Return each line, exactly as given, from the one containing "250507 New high-quality" through the end of the entries below, and skip the rest.

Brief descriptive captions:
========================

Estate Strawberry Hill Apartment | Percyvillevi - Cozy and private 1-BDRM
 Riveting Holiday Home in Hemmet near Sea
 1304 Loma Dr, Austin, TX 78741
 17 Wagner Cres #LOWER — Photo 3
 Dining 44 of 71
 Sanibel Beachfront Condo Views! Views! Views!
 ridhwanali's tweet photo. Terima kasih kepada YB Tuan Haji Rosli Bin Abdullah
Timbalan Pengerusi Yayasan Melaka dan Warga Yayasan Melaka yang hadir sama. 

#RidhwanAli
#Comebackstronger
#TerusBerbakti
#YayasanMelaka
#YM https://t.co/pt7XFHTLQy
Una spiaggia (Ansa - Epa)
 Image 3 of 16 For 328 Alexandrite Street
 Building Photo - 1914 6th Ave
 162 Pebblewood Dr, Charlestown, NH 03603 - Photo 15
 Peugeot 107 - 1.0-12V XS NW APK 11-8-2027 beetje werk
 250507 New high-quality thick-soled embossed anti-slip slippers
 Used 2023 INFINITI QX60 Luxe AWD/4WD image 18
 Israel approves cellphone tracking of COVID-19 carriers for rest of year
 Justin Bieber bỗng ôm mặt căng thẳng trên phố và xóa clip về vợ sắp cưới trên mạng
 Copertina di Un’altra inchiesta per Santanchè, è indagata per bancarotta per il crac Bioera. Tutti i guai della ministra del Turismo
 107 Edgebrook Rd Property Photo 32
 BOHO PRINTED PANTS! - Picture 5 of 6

========================

Result:
 250507 New high-quality thick-soled embossed anti-slip slippers
 Used 2023 INFINITI QX60 Luxe AWD/4WD image 18
 Israel approves cellphone tracking of COVID-19 carriers for rest of year
 Justin Bieber bỗng ôm mặt căng thẳng trên phố và xóa clip về vợ sắp cưới trên mạng
 Copertina di Un’altra inchiesta per Santanchè, è indagata per bancarotta per il crac Bioera. Tutti i guai della ministra del Turismo
 107 Edgebrook Rd Property Photo 32
 BOHO PRINTED PANTS! - Picture 5 of 6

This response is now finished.